Diese Einsicht und ihre Folgen fasst Carlo Rovelli, Physiker an der Universität Aix-Marseille und Biograf des "ersten Naturwissenschaftlers" Anaximander, wie folgt zusammen: "Die Unfähigkeit, den Wert des Mangels an Gewissheit anzuerkennen, liegt einem Großteil der Dummheit in unserer Gesellschaft zugrunde. Sind wir sicher, dass sich die Erde immer weiter aufheizen wird, wenn wir nichts dagegen unternehmen? Sind wir sicher, dass alle Details der gegenwärtigen Evolutionstheorie stimmen? Sind wir sicher, dass die moderne Medizin immer besser ist als die traditionelle? Nein, das sind wir nicht, in keinem dieser Fälle. Aber wenn wir aus dem Mangel an Gewissheit den Schluss ziehen, dass wir uns lieber nicht um den Klimawandel kümmern sollten, dass es keine Evolution gibt und dass die Erde vor 6000 Jahren erschaffen wurde, oder dass die traditionelle Medizin effektiver sein muss als die moderne Medizin, sind wir einfach blöd. Aber viele Menschen ziehen diese Schlüsse, weil der Mangel an Gewissheit als Zeichen der Schwäche gesehen wird und nicht als das, was er ist: die wichtigste Quelle allen Wissens."

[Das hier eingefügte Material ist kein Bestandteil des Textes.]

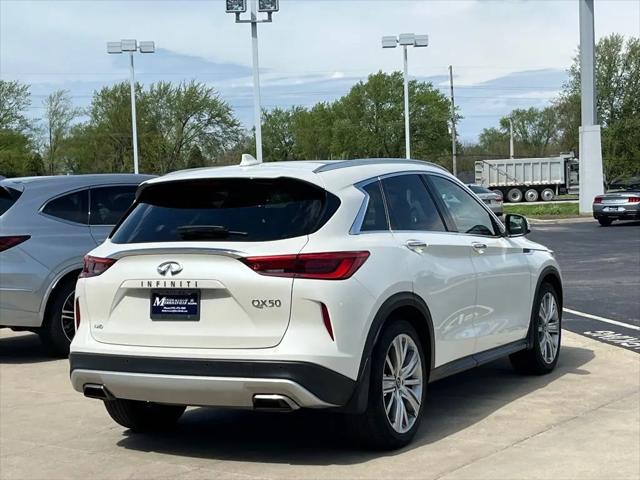 2022 INFINITI QX50 SENSORY AWD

In einer Zeit, da Studien Konjunktur haben, die "wissenschaftlich" beweisen, dass bestimmte Gruppen von Menschen intelligenter sind als andere (Thilo Sarrazin hält muslimische Zuwanderer für weniger intelligent als Deutsche, während andere Untersuchungen zeigen, dass Linke intelligenter sind als Rechte), mögen Konservative und Multikulti-Freunde sich ermuntert fühlen durch Matt Ridleys Feststellung, dass die individuelle Intelligenz oder die Intelligenz von Untergruppen für das Wohl einer Gesellschaft relativ unwichtig sind. Entscheidend sei die "kollektive Intelligenz", meint Ridley; die sei nicht einfach die Summe der individuellen Intelligenzquotienten, sondern eine Funktion der Vernetzung, Arbeitsteiligkeit und Offenheit einer Gesellschaft.

Was schon Adam Smith und Karl Popper wussten. Schade, dass wir nicht jenes Paralleluniversum bewohnen, in dem sie noch leben.